Captioned web image data

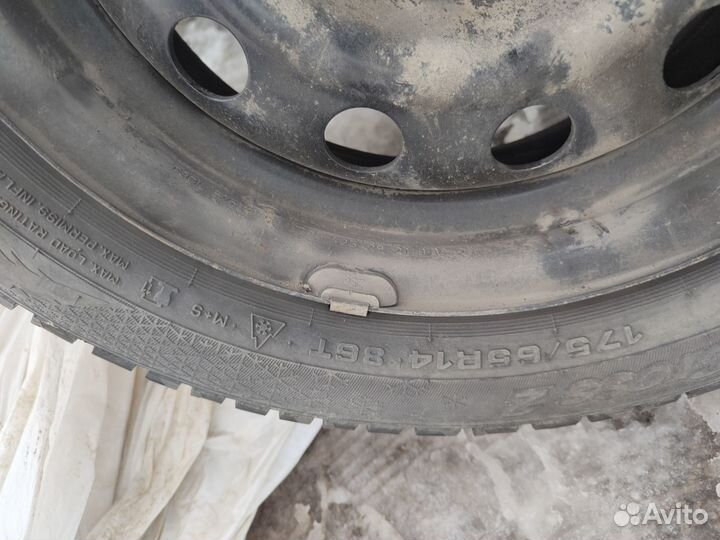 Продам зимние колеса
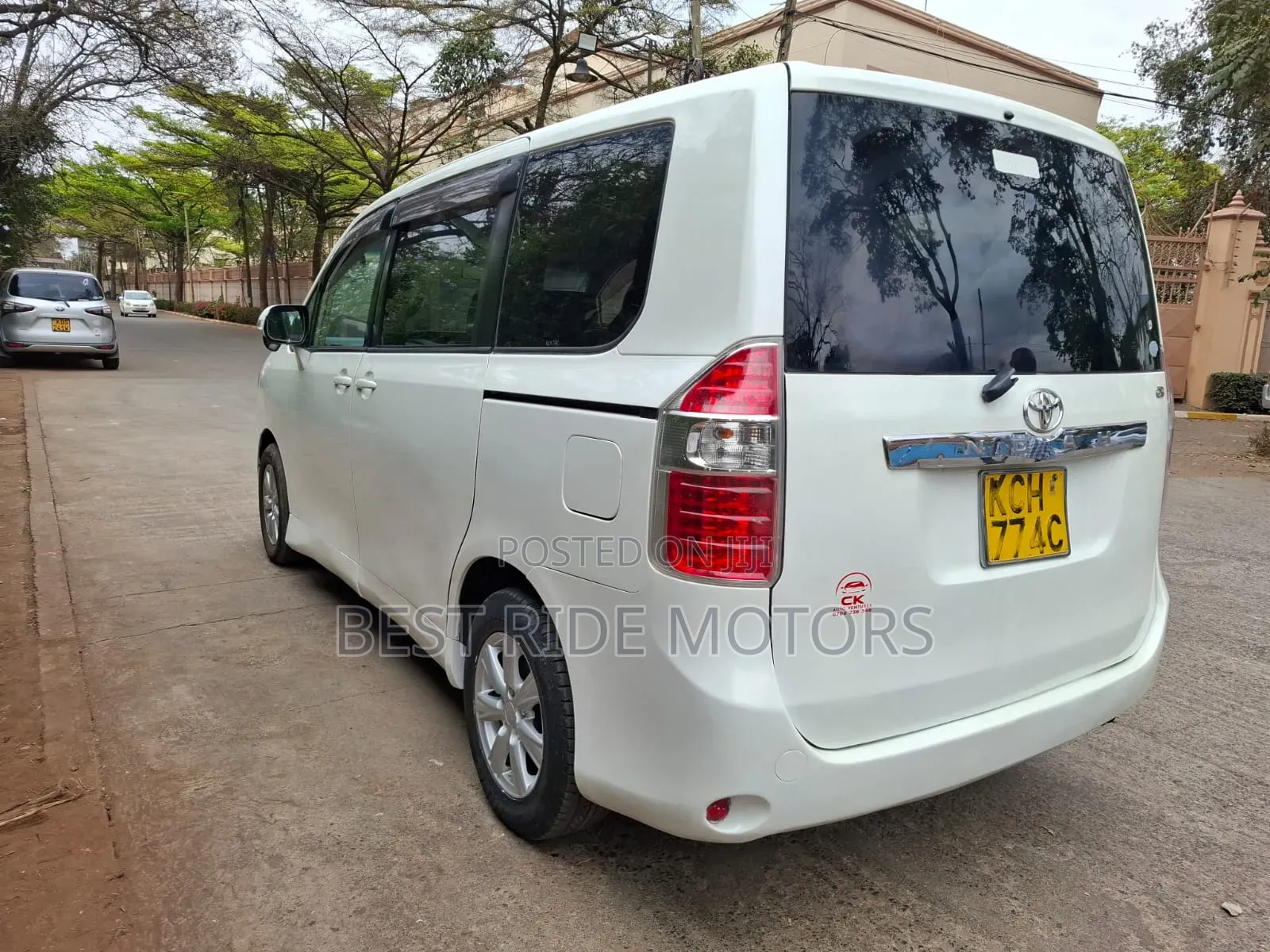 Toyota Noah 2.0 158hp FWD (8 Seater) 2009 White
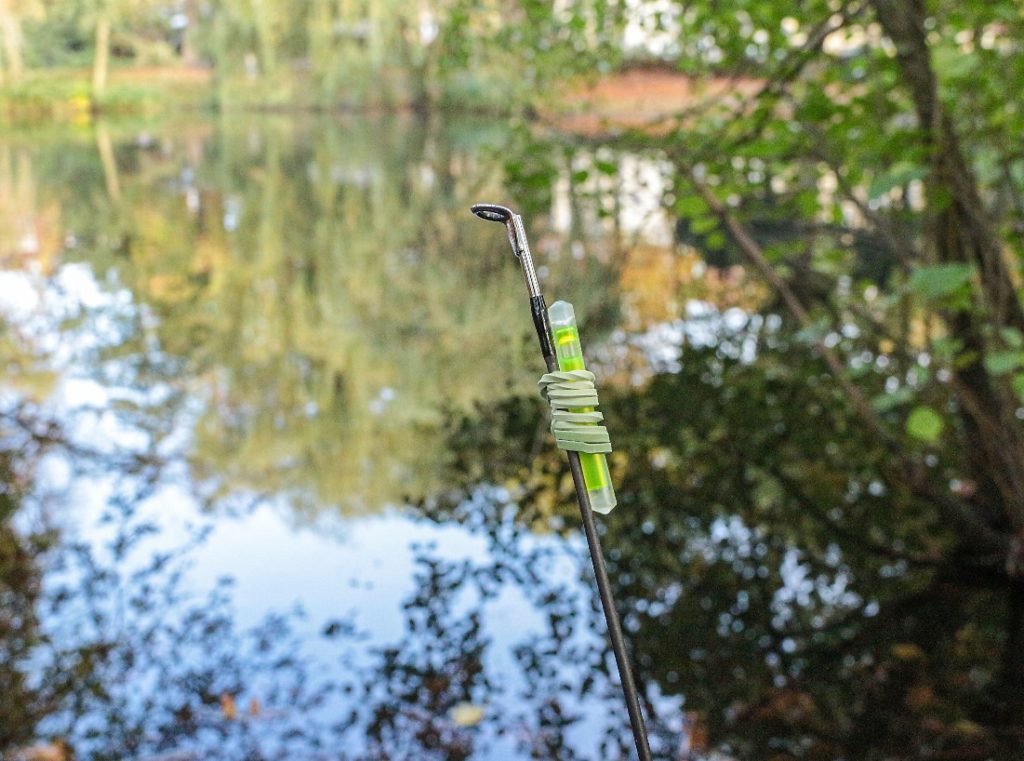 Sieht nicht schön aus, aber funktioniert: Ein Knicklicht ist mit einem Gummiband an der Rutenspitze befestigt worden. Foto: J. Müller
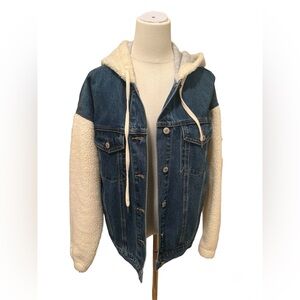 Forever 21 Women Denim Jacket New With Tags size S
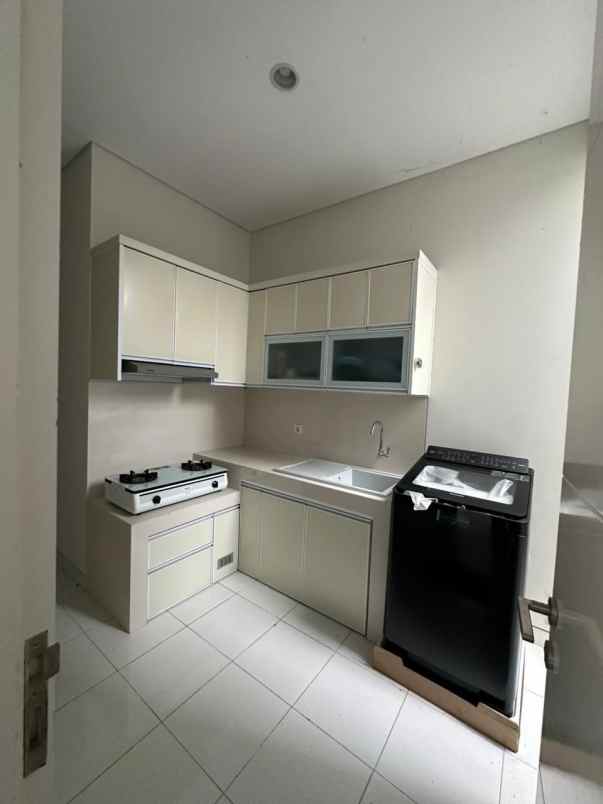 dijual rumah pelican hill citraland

◆ What you are asked to do
The lines needed run from the first line of the records through the line containing "Sieht nicht schön", both included. Restate them word for word, without pictures.

◆ Finished task
 Продам зимние колеса
 Toyota Noah 2.0 158hp FWD (8 Seater) 2009 White
 Sieht nicht schön aus, aber funktioniert: Ein Knicklicht ist mit einem Gummiband an der Rutenspitze befestigt worden. Foto: J. Müller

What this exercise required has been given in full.